I am still giggling over a question that was asked of me on Saturday.  We were talking about my Kindle Fire and the lady flat out asked me "Have you read Fifty Shades of Gray?"  I answered her no I hadn't because the book was $10 and I don't pay that much for pr0n.  She kind of giggled and said well someone else she knew was reading it in book form and had paid $15.  At that point, my husband said that I was cheap on buying books.
I don't think it even dawned on her what she was asking.  I don't think I would have the nerve to ask someone if they had read Fifty Shades of Gray.  That is just way personal.
So has anyone else had potentional embarrassing questions asked about their reading habits?

Now for the record Fifty Shades of Silver Socks and Hair was hilarious.  So was Fifty Shades Shadier.


----------



## Ann in Arlington (Oct 27, 2008)

I don't have a problem with it. It's just a book. Someone did ask me once and I just answered honestly: "you know, I tried a sample, and found the writing so poor I didn't ever bother to get the whole book." I don't think the asking is either rude or overly personal. It's a book people have heard of, for better or worse.

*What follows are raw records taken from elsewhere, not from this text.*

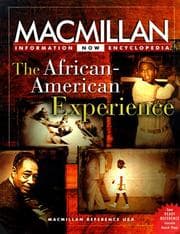 Tapa de The African-American experience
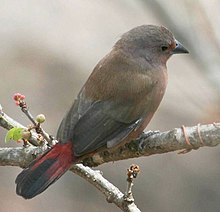 Самка Jamesons Firefinch (Lagonosticta rhodopareia) .jpg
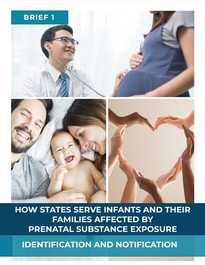 How States Serve Infants and Their Families Affected by Prenatal Substance Exposure: Brief 1 – Identification and Notification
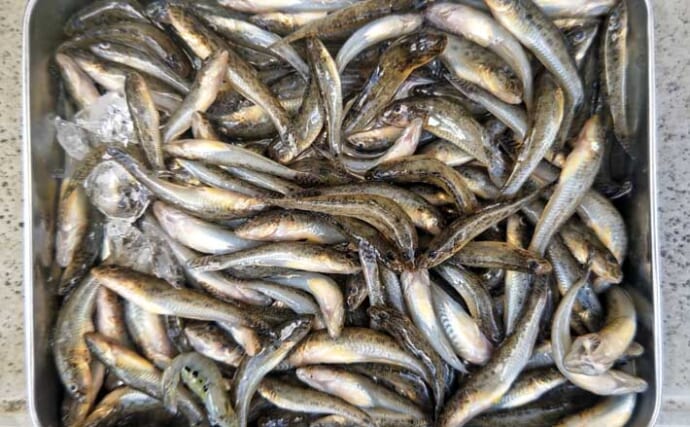 ふなばし三番瀬海浜公園のハゼ釣りで28尾をキャッチ【千葉】ゲストにキスもヒット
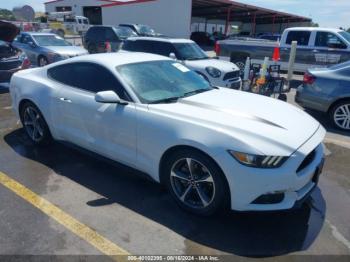  Salvage Ford Mustang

People ask me all the time about what I read. Usually I just tell 'em. Sometimes, if I know it's something they've never heard of, I'll also give brief description. It only bothers me when I'm _actually reading_ it and they interrupt me to ask.  But a general, a "Have you read. . . . " type question is no big deal.

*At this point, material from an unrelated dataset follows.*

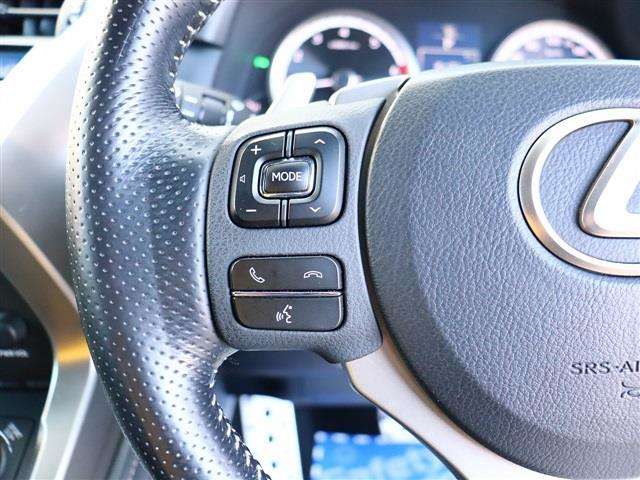 レクサス ＮＸ２００ｔ Ｆスポーツ H28年 (関東) 99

Now, if I happen to not want to tell them about some _specific_ book, I just lie.  I might do that if I was reading some sappy, predictable bodice ripper which I usually find eye rolling ridiculous, but sometimes one is just in the mood for mindless fluff. 

Though, honestly, the older I've gotten the less I care what people think about what I read -- especially as the people asking usually don't read much of anything.


----------



## cinisajoy (Mar 10, 2013)

Oh and yes I did read the sample too.  I found it rather typical and boring.  I think it was more the do you realize what genre we are talking about.  But then I don't see how they sell some Laurell K Hamilton books in places like Dollar General.  Especially starting with book 6 in the Anita Blake series.
Tis in the mind of the beholder I guess.


----------



## MariaESchneider (Aug 1, 2009)

Weirdly, the last time I traveled and was reading my kindle in the airport, the lady behind me in line saw my kindle and said, "Oh I have one of those, but I don't have it with me.  Have you read 50 shades of gray?"

I have NO idea why. I thought it a weird question and had to disappoint her when I told her I was reading an Urban Fantasy (I'm not sure if she was familiar with the term).  She went on to chatter about what she was currently reading (Daniel Steel) and said she loved her kindle and so on.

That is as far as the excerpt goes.